A solução, para a Scan, era a educação, pois as famílias vendiam casas e terrenos para comprar rádio ou gastavam o ordenado com bens supérfluos. Novamente, o discurso separava os caxienses dos demais.
Para Migot, o primeiro elemento importante para compreender essa nova Caxias é o êxodo rural.
— As pessoas saíam dos campos porque o caminhão e o trator começavam a substituir o peão, o domador de cavalos e o tropeiro. Eram trabalhadores que conheciam muito bem o serviço deles, mas só isso. Eles não tinham terra deles para administrar, tomar decisões, para fazer negócios. Eles faziam a mando de outros nas fazendas. Quando perderam o emprego e vieram para a cidade, não sabiam fazer nada e tiveram uma dificuldade enorme de se ambientar na cidade. Eles vinham sem recursos — contextualiza Migot.

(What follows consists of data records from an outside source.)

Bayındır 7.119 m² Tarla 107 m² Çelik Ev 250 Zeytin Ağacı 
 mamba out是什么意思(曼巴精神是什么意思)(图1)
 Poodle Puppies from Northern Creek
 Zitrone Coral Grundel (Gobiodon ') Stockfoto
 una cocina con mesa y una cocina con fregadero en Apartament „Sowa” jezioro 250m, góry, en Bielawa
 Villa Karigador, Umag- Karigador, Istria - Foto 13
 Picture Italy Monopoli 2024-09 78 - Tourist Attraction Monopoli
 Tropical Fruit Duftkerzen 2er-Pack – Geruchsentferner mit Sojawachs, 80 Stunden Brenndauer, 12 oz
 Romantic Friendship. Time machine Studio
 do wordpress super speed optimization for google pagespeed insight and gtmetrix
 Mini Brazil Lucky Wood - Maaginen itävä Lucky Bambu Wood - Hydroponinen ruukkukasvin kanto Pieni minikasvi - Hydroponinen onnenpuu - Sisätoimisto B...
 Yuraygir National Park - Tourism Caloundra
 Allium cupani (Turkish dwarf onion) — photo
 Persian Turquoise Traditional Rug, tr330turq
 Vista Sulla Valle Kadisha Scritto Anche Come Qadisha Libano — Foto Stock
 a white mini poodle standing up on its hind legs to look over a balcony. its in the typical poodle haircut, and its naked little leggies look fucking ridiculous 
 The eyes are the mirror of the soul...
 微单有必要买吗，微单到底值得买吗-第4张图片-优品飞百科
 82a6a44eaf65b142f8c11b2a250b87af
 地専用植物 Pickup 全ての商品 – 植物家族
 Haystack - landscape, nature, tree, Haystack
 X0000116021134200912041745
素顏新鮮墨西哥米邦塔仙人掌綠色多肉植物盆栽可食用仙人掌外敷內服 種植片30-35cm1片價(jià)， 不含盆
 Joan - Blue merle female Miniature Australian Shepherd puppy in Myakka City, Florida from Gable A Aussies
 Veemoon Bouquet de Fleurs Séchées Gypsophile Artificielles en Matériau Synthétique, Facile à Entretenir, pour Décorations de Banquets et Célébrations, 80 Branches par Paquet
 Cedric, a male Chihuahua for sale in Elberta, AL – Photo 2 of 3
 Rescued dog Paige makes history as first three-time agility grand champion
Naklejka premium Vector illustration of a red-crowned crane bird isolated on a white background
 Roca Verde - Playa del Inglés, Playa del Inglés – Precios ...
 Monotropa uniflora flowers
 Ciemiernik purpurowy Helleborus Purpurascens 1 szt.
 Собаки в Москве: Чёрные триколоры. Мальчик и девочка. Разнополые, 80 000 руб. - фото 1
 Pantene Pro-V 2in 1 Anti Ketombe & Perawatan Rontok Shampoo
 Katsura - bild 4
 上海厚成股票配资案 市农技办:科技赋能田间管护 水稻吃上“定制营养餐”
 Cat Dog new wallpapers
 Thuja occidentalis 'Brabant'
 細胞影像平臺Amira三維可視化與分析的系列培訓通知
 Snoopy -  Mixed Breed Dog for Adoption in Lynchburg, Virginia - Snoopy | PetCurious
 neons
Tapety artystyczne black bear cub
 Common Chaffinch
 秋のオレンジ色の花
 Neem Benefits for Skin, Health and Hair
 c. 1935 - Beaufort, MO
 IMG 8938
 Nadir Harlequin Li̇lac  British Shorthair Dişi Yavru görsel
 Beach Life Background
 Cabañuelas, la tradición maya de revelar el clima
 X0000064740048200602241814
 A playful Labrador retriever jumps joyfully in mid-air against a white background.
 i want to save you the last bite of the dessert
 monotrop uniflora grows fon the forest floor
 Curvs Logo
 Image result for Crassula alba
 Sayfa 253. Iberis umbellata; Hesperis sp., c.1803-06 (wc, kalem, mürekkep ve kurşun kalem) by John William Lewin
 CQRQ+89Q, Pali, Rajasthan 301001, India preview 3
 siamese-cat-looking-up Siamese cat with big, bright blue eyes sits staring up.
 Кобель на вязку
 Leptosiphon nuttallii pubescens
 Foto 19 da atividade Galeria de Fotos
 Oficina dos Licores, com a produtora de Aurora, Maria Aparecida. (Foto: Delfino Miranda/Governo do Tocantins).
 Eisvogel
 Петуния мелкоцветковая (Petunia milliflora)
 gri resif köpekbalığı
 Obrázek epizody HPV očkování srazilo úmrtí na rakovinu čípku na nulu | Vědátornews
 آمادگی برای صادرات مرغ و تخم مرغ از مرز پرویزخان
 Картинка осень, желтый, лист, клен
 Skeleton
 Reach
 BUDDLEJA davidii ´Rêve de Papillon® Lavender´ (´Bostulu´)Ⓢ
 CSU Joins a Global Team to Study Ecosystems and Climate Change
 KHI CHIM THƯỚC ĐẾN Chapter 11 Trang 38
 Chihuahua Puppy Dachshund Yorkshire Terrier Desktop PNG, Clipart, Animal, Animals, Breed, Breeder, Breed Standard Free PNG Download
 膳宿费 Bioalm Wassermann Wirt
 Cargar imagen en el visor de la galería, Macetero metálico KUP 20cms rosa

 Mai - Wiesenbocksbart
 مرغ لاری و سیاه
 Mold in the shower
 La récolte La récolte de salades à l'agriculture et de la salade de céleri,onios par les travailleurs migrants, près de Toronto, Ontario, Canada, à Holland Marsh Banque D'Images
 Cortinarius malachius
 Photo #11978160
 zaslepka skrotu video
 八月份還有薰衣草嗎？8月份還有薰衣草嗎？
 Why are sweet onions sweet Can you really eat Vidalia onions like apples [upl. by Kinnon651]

Havia outra diferença, pois o caxiense teve outra experiência. O historiador lembra que houve uma reforma agrária com os imigrantes no tempo do Império, pois o governo brasileiro deu assistência no início da colonização, com condições para pagar a terra e trabalho na construção de estradas. Quando a leva de novas famílias chega nos anos 1930 e 1940, não há mais esse apoio, não há lotes para vender, não há barracões para abrigá-los temporariamente.
Conforme Maria Abel, os primeiros 75 anos da história de Caxias do Sul, que representavam o período de maior contribuição da imigração italiana, chegavam ao fim. A partir da década de 1950, a composição da população caxiense mudou. A fisionomia de "rostos muitos brancos, olhos claros e cabelos loiros" passou a ter a pele morena, cabelos e olhos escuros, marcando a chegada dos "brasileiros". Caxias do Sul iniciava a segunda metade do século XX com quase 59 mil moradores, sendo 36 mil somente na área urbana.